A police officer fractured his hand after punching a suspect in the head.  I used E code _E960.0 Unarmed fight or brawl_.  I had looked at using_ E975 Injury due to legal intervention by other specified means includes: Blow :: :: Manhandling_, but the description in our encoder and in the CDR makes it sound like this is used for injuries inflicted by the police (_;LEGAL INTERVENTION E970-E978 includes:  (*injuries inflicted by the police* or other law-enforcing agents, including military on duty, in the course of arresting or attempting to arrest lawbreakers, suppressing disturbances, maintaining order, and other legal action) :: :: legal execution_)
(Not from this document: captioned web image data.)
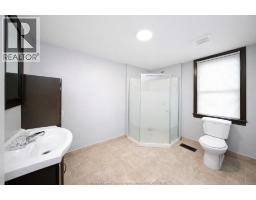 3463 HARRIS STREET - 18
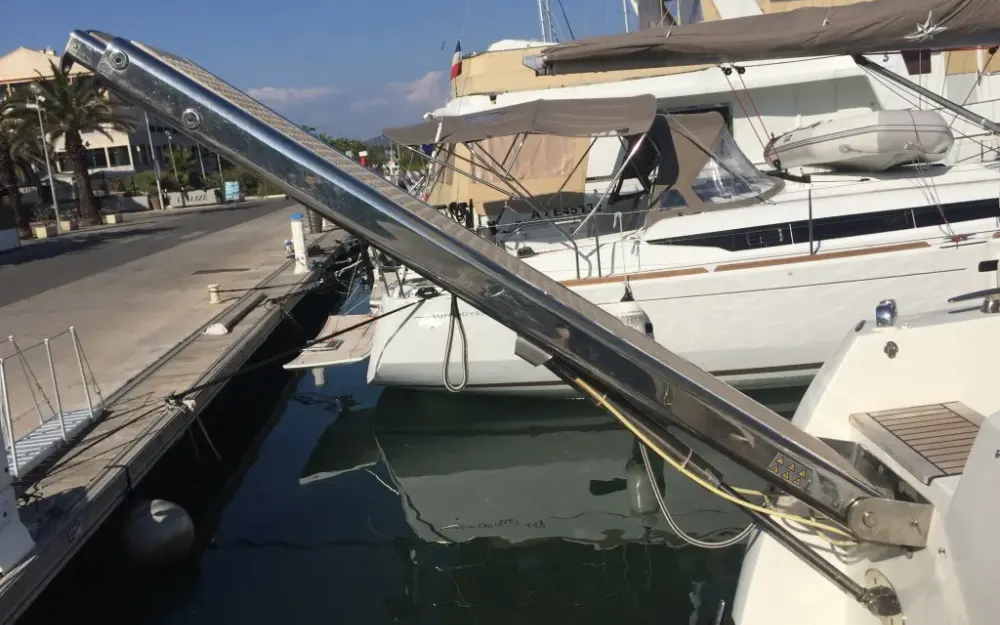 slider 2 Prestige Yachts Prestige 500 Fly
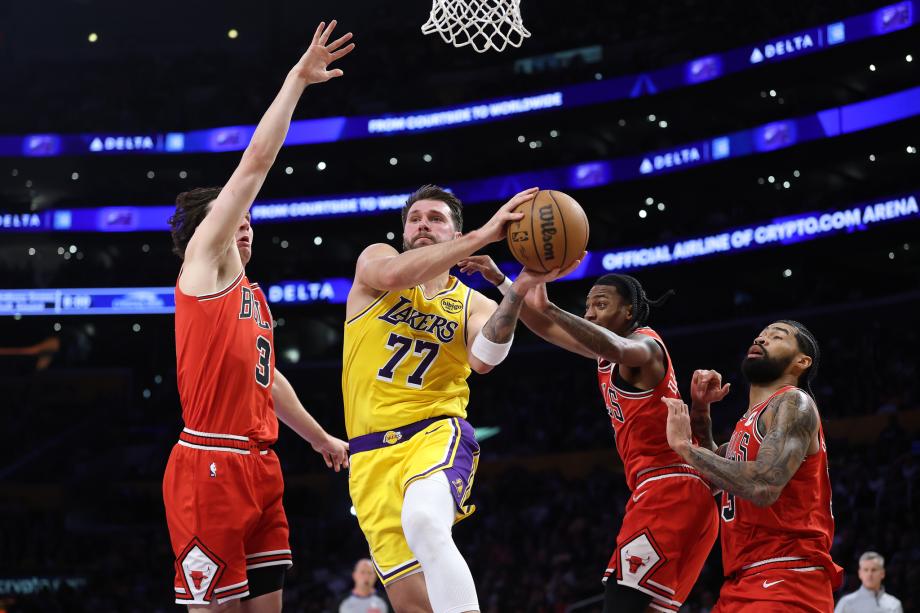 多多28-东契奇湖人生涯新高51分10篮板9助攻 湖人力擒公牛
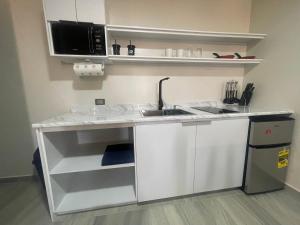 Kuchyň nebo kuchyňský kout v ubytování Apartamentos AEROPUERTO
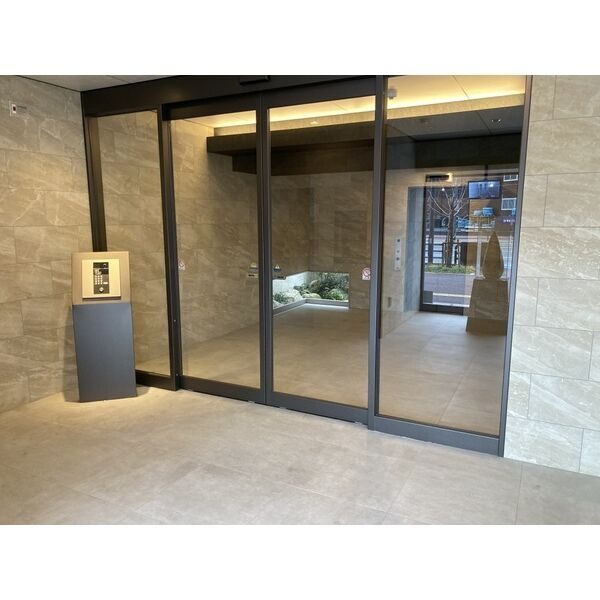 オートロックの入り口で安心です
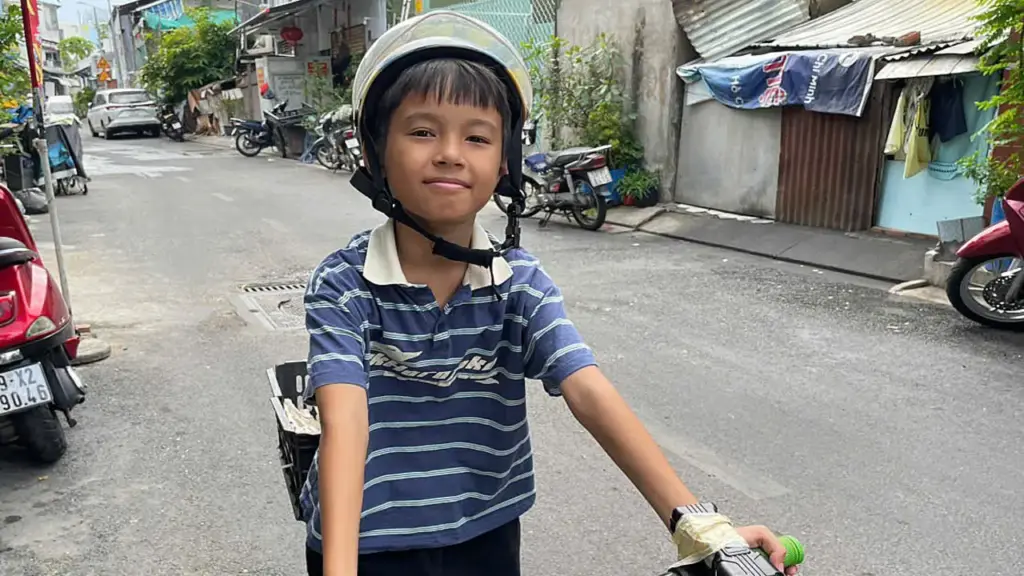 Cậu bé 'gây sốt' vì bán trứng dạo bằng thơ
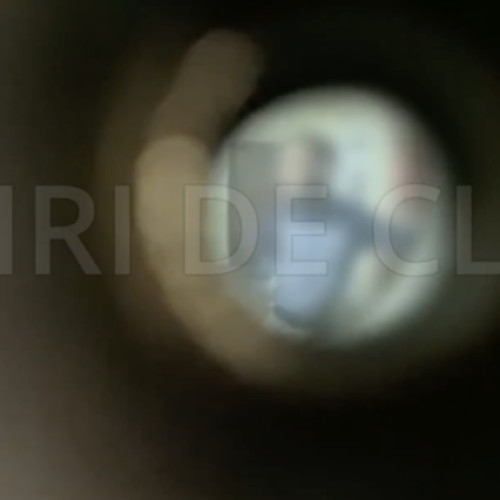 Un clujean din zona Mănășur, de pe Calea Florești, a semnalat un incident grav petrecut astăzi, 4 august 2025, în jurul orei 12:00. Potrivit sesizării, un bărbat necunoscut a început să bată insistent la ușa casei sale și a încercat să pătrundă cu forța în locuință.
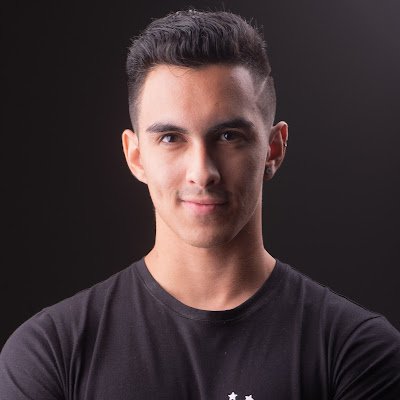 💻 Desenvolvedor FullStack 🎮 Player por default e 💪🏽 Fitnes as vezes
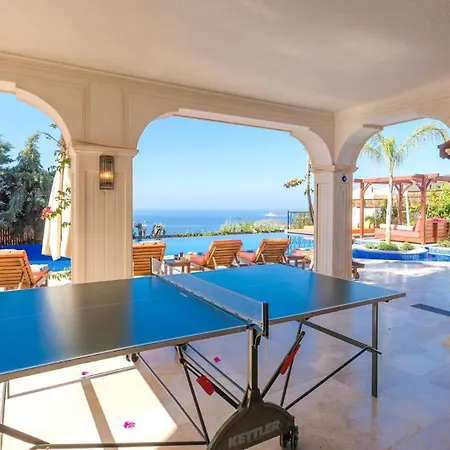 Villa 4 Bedroom Luxury 1210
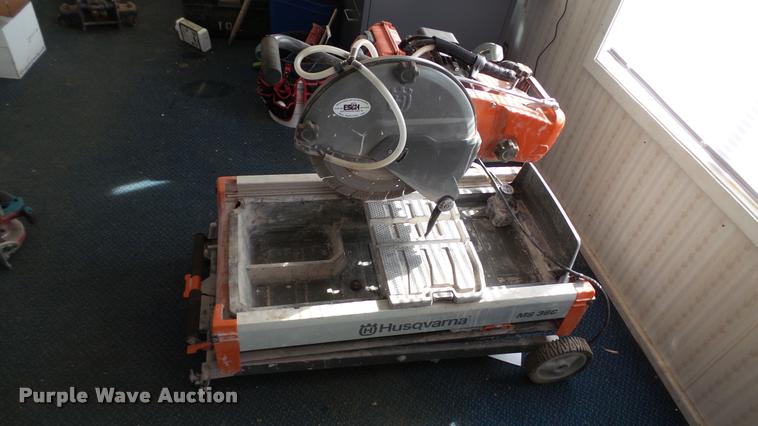 image for item DT9092 Husqvarna MS360 wet/dry tile saw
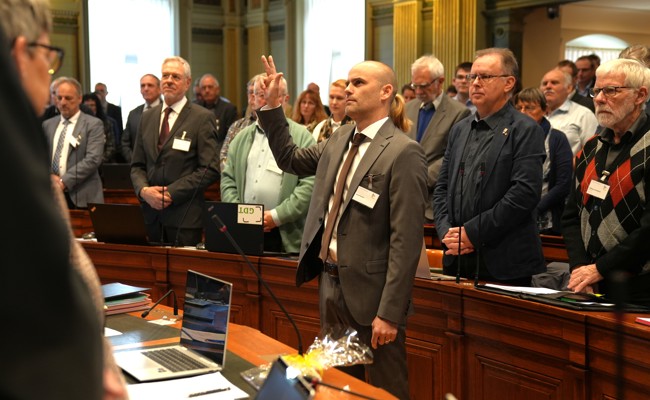 David Hutter aus Balgach setzt sich in St.Galler Kollegiumswahl deutlich durch und wurde vereidigt
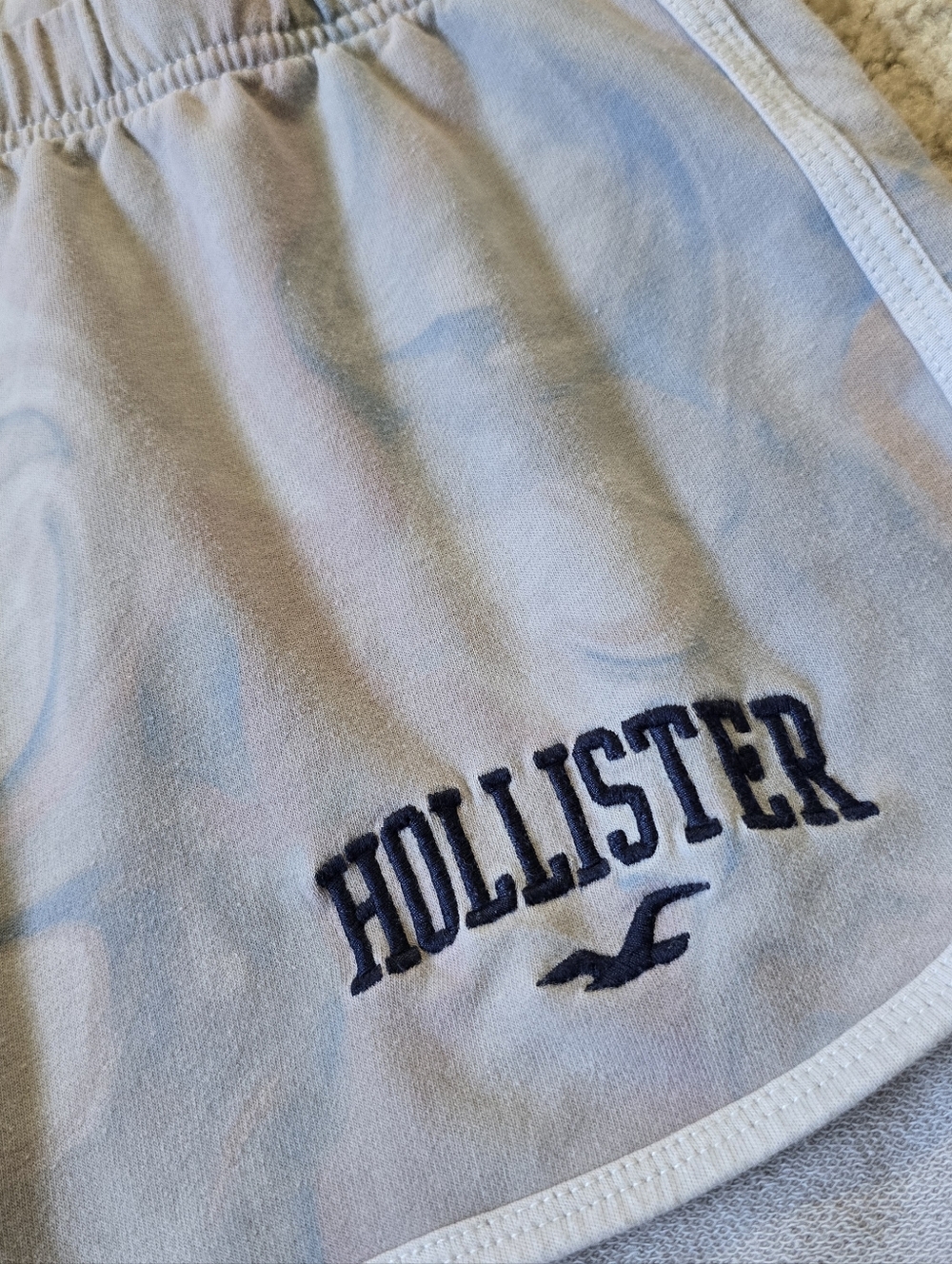 Hollister Swirl High Rise Comfy Shorts Elastic Waist Womens Size Medium - Picture 2 of 8
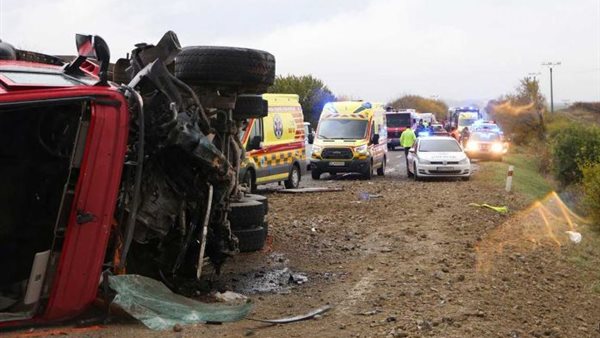 اصطدام شاحنة بسائقي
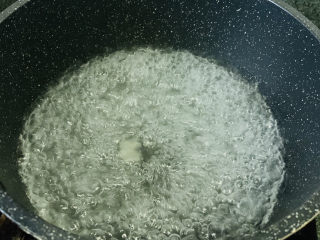 7、凉拌素鸡,煮开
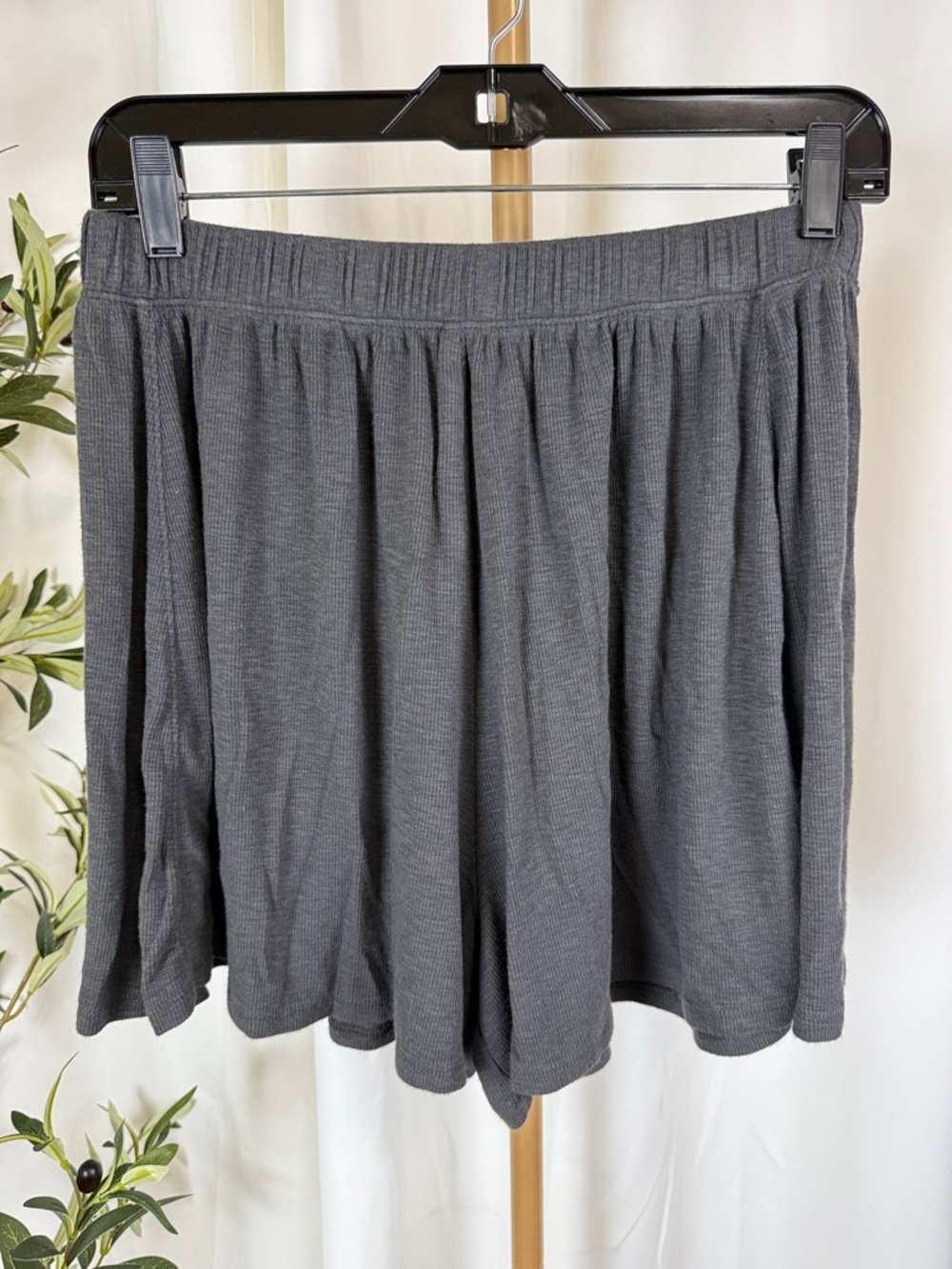 Aerie Charcoal Gray Ribbed Knit Skort Sz M (B6)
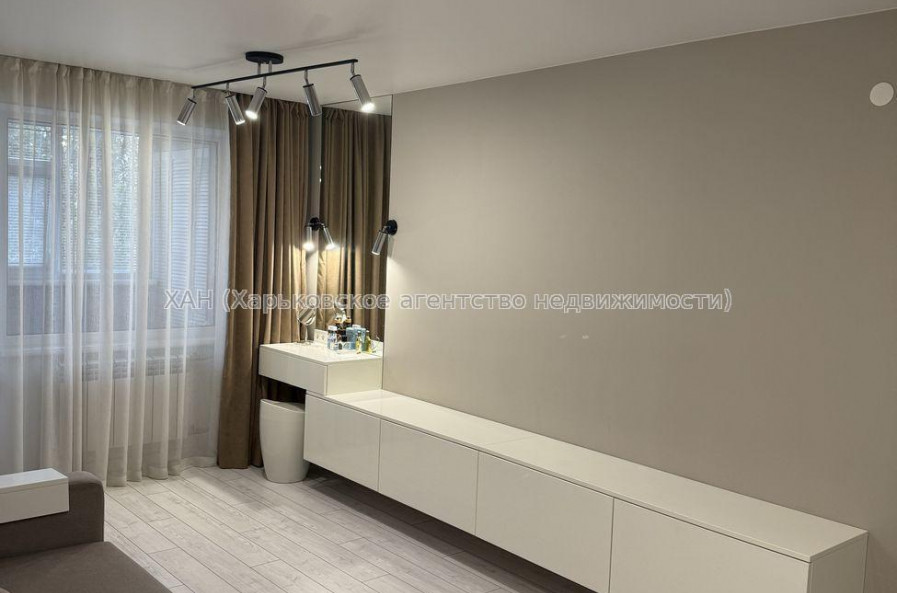 Продам квартиру, Зерновая ул. , 2 кім., 46 м², авторский дизайн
I am being told that I need to use E975 instead of E960.0.  Any help with this would be appreciated.


----------



## hewitt (May 11, 2012)

Hum.... E960 notes state, "Excludes injuries due to: legal intervention...," and directs us to use E970-E978. Also, the annotation note for E975 states, "...E975 is used to report an injury due to legal intervention by other specified means. Use this code if the other legal intervention codes do not apply. This includes injuries by a blow or by manhandling." I would agree that E975 is a better ICD-9, per the detail you've given.


----------



## ollielooya (May 11, 2012)

I tend to agree with hewitt as I wasn't comfortable assigning 960 with the "excludes" notes for the category.  Also "unarmed" fight or brawl doesn't exactly fit, which leaves E975.  It seems to describe the situation better.  I'd like to follow thru more on this.  Is an activity code approprate here or necessary, and what about the external cause status code E000.0?


----------



## hewitt (May 11, 2012)

I do not think E975 is the "best" code, and should not be coded alone.... I'm sure that jojo2922 already knows this.... I agree, Suzzane, other ICD-9s should be used to better explain the resulting trauma.


----------



## jojo2922 (May 11, 2012)

*Thanks*

Thanks everyone I appreciate the input and no that's not the only E code I'm coding but the only one we were disputing.  I had also coded E000.0 done for income, E849.1 farm and E029.9 other activity.  There weren't too many details about what happened other than the officer punched someone in the head and that they were on a farm.


----------



## Sueedwards (May 14, 2012)

I would use the E975 and use the E codes for at work.  I feel that it is more of a legal intervention, and if this record goes to court, stating it was an legal intervention than a fight or brawl describes the situation more.... and using the farm; at work; and E000.0 as well... 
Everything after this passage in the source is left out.